Looking up Dry Gulch-some cartographer had a sense of humor-toward the Roof of the World...

It was a deja vu of two years ago the other day at Miguel Loco's shoppe. It was but one day off the actually calendar date, if one wanted to split linear hairs. The joint was jumping and the roadways were packed. Someone asked if it was exclusive to the just past holiday. I shot Miguel Loco a flippant look before answering for him.

"July," I said simply, delivering the revelation. My friend smirked and the traveler I had spoken to looked confused. Neither was surprising.

Miguel Loco's long ago proclamation of milk and honey is very apt for July. On a single weekend day, a merchant can make what they might get in a week during the doldrums of January or February. This is when the marathons and bicycle races and festivals begin to really pick up steam. July is the intercourse to June's foreplay.

The ticks have gone away by July, but the mosquitoes appear, their ferocity dictated by the amount of runoff. We sit outdoors with insect repellent and bullets, ready for the little fuckers. The mosquitoes disappear in mid to late August, and it is the first omen of the impending autumn. For July, we fight and curse them, just to be outside in summer's warm embrace.

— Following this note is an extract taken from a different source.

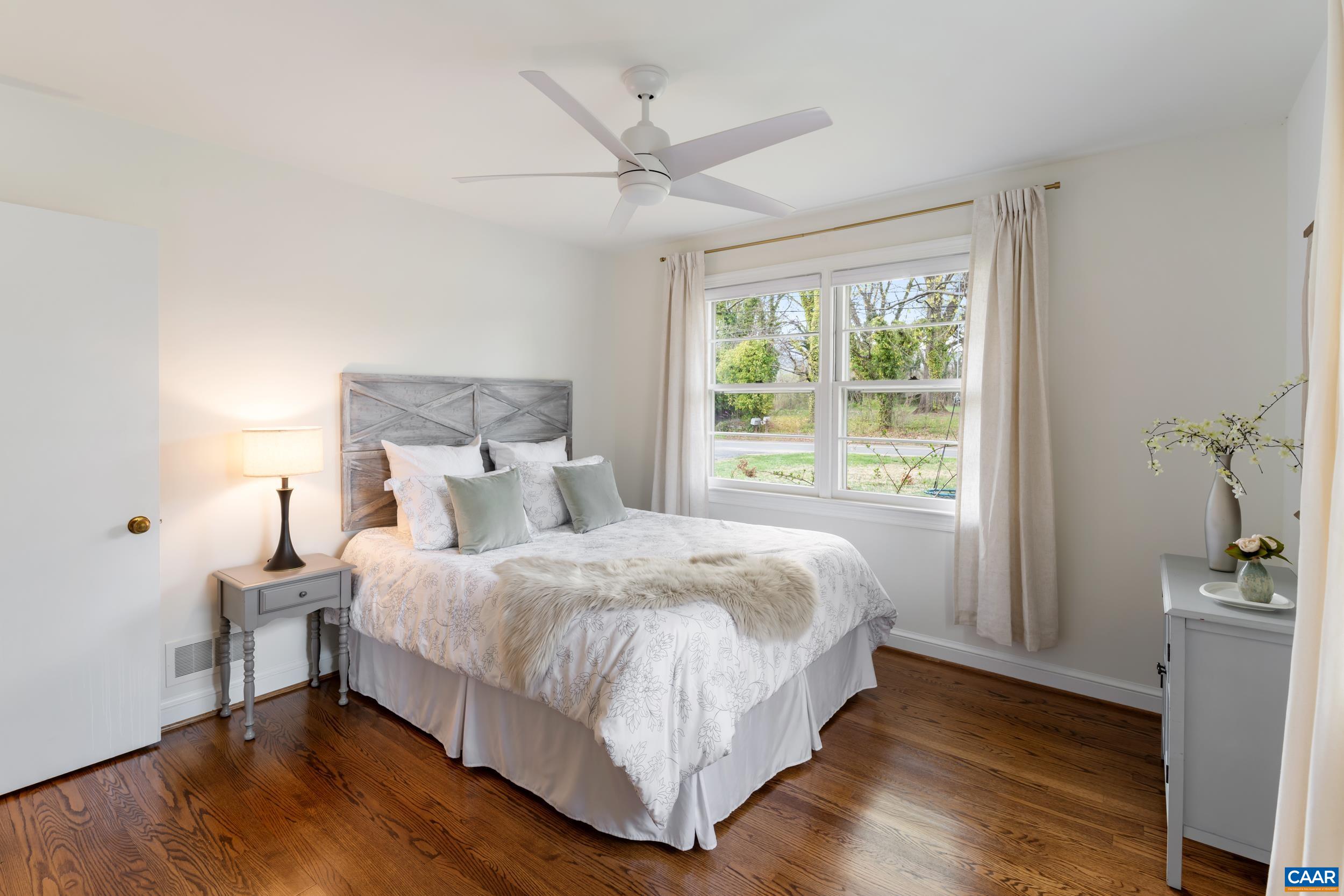 6459 HILLSBORO LN, CROZET, Virginia 22932, 3 Bedrooms Bedrooms, ,1 BathroomBathrooms,Residential,6459 HILLSBORO LN,675431 MLS # 675431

July is hot sun and monsoon. Almost nightly chimeneas or bonfires and margaritas with the neighbors. Dining alfresco and cooking anything you can with fire. Nights warm enough you can lay on the bare ground to look up at the stars, but cool enough you don't need a fan when trying to sleep. Everything is in full green and full bloom come July.

I love July for all of these reasons. I hate it for how crowded it can be, whether on a town street during a weekday or out on a trail. At my professional obligations, there's barely a moment to catch my breath, and I come home either torn and tired and murdered or really wanting a cocktail. Sometimes both. I catch myself mourning the sometimes agonizing quiet of deep winter.

Be that as it may, we embrace this stretch of days that have been named July and ride that snake's tale for all it's worth. It is indeed milk and honey in its halcyon countenance. The feasting time. We hold on so tightly, because like water spilling through closed fingers, it is gone too quickly, leaving just bittersweet memories to savored until the same stretch of days next year.

01 July 2014

Alpine Seduction

Argentine Peak as seen from the Santiago Mine. In the distance is Square Top Mountain...

Part of the ridge of McCellan Mountain looming above the ruins, a corner of bunkhouse roof in the upper right...

I have mentioned the short sweetness, which is mountain summer. Up on the tundra, it's doubly so. It is said for every thousand vertical gained in the mountains is equal to traveling six-hundred miles north in latitude. Another factoid that fascinates me about this place; walking the world and its different environments just by climbing.

At twelve-thousand three hundred, the wildflowers were already in bloom. The sky was that shade of blue and fluffy cotton candy clouds drifted slowly overhead. Sometimes, the wind would kick up, almost Tibetan in its ferocity, reminding us it was a good idea to have jackets.

I really do dig the alpine. The grand panoramas and imposing peaks, so different than the wide open spaces of nowhere of which I grew up on. Its severity, in any season. The type of place one can disappear, whether intentionally or not, and never be heard from again. I find an odd sense of poetry in that.

The mill, the whole excuse we used to get up there, had survived the winter well. We delighted in the hubris of a jeeper bogging down in a field of dirty ivory below the ruins. One of our lot, the former dogcatcher-"animal control officer, get it fucking right!"-a man I think of as the Spider Jerusalem of the county, what for his personality and dysfunctional acts of simple humanity, guided a few travelers around the old buildings. I wandered amongst the rocks and wildflowers. It was a good day.

Although some of my wanders promise to take me above the trees, there is a certain comfort that'll I'll be up on the tundra on a steady basis this summer. I even have something of a base camp. The fact I may have to provide a history lesson to random people in four by fours, dirt bikes, and ATVs is simply the price of admission.